## Work to complete
The answer must be an exact copy of the records below, with every picture left out.

## Data section
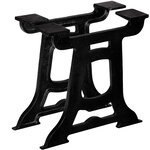 vidaXL Pied de table basse 2 Pièces Cadre en Y Fonte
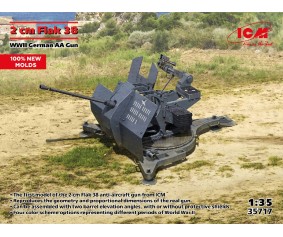 ICM 1/35 Flak 38, WWII German AA Gun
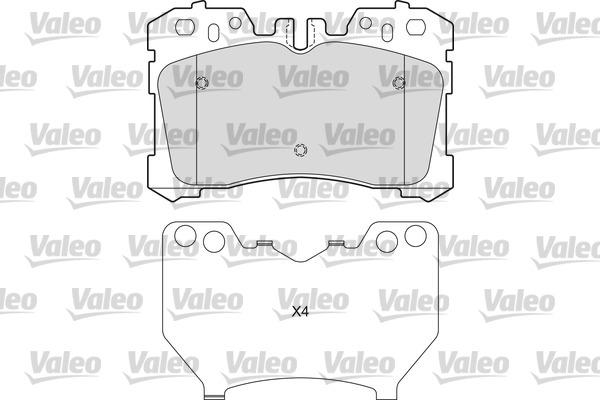 Valeo 601654 - Kit pastiglie freno, Freno a disco autozon.pro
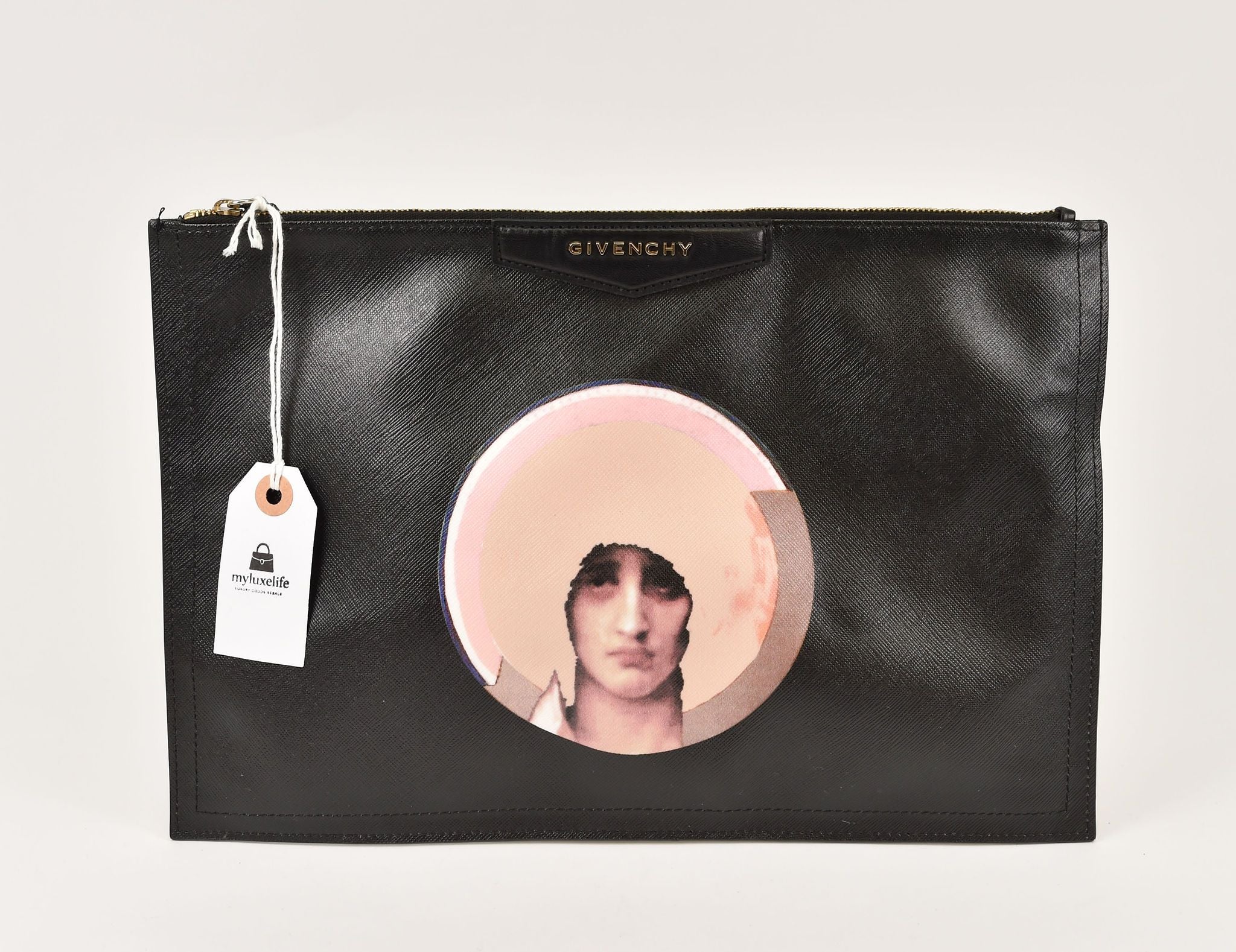 Givenchy Antigona Envelope Clutch/Pouch (printed portrait design) - Image 4
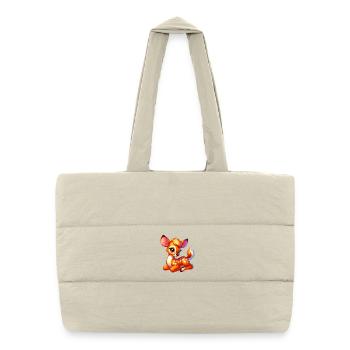 Fawn - Puffer Shopping Bag - natural - Front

## Solved exercise
 vidaXL Pied de table basse 2 Pièces Cadre en Y Fonte
 ICM 1/35 Flak 38, WWII German AA Gun
 Valeo 601654 - Kit pastiglie freno, Freno a disco autozon.pro
 Givenchy Antigona Envelope Clutch/Pouch (printed portrait design) - Image 4
 Fawn - Puffer Shopping Bag - natural - Front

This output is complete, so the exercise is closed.